Training Two-Tower Models
The Training Signal
For each positive pair (user U clicked item I), you need negatives: items U did not click. With 10 million items, you have 10 million potential negatives per positive. You cannot use all of them. Typical batch sizes sample 100-1000 negatives per positive.
The loss function says: score(U, I_positive) should be higher than score(U, I_negative) for all negatives. Softmax cross-entropy is common: compute softmax over the positive score and all negative scores, then minimize negative log-likelihood of the positive. This pushes positive scores up and negative scores down simultaneously.
In Batch Negatives
The simplest approach: within a batch of 512 user-item pairs, use the 511 other items as negatives for each user. You already computed their embeddings, so this adds zero extra computation. For user U with positive item I, the 511 items from other users become negatives.

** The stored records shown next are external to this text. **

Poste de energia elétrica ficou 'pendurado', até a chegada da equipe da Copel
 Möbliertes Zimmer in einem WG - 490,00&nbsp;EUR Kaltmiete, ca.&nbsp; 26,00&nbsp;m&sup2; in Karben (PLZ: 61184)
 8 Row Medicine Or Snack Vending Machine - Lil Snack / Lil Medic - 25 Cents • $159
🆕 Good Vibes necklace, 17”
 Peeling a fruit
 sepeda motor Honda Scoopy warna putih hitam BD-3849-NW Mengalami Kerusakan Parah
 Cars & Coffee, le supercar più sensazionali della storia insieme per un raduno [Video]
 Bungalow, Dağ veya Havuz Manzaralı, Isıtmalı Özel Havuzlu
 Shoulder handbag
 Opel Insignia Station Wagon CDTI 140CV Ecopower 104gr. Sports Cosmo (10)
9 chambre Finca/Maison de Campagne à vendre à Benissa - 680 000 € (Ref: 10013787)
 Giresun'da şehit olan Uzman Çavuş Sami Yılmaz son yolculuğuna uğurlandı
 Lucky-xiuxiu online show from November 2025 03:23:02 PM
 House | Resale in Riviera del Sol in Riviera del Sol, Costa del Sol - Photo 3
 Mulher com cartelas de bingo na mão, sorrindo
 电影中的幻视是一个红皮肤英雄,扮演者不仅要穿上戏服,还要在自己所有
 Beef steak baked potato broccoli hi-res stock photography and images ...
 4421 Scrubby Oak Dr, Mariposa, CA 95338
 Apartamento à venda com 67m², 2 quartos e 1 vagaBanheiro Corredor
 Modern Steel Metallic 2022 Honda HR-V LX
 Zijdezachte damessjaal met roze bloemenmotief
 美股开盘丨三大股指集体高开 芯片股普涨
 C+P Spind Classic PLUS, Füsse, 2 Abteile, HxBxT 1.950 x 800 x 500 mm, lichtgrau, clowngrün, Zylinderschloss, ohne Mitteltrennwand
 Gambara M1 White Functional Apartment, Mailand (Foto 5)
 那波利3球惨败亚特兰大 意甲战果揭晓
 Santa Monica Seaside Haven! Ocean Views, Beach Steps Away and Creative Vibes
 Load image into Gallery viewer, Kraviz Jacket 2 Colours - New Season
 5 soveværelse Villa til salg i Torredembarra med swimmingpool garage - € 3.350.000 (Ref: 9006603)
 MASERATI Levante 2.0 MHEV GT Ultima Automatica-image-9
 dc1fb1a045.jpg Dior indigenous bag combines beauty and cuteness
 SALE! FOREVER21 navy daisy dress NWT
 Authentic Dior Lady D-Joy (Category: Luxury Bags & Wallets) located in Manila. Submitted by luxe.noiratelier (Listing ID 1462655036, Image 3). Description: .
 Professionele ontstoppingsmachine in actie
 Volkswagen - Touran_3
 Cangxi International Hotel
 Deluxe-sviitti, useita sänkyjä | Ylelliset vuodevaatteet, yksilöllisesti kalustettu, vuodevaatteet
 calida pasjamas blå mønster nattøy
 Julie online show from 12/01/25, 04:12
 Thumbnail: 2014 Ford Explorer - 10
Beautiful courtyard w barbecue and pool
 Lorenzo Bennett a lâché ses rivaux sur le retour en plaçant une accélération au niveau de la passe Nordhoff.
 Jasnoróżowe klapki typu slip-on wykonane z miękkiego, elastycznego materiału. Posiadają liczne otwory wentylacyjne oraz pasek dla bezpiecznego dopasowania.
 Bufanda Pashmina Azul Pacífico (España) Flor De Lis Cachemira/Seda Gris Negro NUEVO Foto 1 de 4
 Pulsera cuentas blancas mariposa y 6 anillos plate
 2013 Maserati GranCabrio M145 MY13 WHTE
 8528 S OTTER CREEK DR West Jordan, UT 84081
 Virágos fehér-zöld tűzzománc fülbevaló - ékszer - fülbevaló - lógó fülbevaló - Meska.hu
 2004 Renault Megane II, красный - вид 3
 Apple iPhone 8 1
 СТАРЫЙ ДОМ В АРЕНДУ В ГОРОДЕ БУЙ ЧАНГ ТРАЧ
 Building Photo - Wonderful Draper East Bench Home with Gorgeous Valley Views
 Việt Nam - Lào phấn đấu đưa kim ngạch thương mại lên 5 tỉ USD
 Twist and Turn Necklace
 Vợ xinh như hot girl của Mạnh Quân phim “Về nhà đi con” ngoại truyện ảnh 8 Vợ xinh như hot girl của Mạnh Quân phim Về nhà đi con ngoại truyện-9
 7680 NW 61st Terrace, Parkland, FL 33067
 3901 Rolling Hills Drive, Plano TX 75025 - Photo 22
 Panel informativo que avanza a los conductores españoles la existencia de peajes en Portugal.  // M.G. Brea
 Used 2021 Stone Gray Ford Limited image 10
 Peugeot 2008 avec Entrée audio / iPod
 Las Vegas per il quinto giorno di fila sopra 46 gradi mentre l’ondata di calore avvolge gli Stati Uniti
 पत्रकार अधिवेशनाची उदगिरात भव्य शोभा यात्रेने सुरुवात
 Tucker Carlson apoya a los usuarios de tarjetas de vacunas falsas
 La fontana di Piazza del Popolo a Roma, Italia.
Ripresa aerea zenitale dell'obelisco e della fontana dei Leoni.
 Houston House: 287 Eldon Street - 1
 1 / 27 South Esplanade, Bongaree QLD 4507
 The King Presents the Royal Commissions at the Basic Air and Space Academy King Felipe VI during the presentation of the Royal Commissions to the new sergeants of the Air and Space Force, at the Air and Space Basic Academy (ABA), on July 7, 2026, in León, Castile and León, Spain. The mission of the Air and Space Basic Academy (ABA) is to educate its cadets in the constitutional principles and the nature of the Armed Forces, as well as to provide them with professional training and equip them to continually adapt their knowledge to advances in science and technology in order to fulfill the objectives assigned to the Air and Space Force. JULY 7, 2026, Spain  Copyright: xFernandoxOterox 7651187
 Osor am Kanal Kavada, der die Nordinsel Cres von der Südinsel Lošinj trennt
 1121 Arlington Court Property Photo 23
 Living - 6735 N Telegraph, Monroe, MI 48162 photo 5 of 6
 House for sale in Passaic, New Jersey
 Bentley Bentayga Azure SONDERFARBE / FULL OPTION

The problem: batch negatives are random samples from the interaction distribution. They skew toward popular items and may be too easy. If the model just learns "user U does not want item I because I is a completely different category", it learns nothing useful. You need harder negatives that force the model to make fine distinctions.
Hard Negative Mining
Hard negatives are items similar to the positive that the user did not interact with. If user U clicked a blue Nike running shoe, a hard negative is a blue Adidas running shoe they saw but did not click. The model must learn why U preferred Nike over Adidas, not just "U likes shoes over laptops".
To find hard negatives: after initial training, run the model to find items with high scores that lack positive interactions. These are items the model thinks the user would like but they did not engage with. Mine these as negatives and retrain. This iterative process produces increasingly discriminative models. Two to three rounds of hard negative mining typically improve retrieval recall by 5-15%.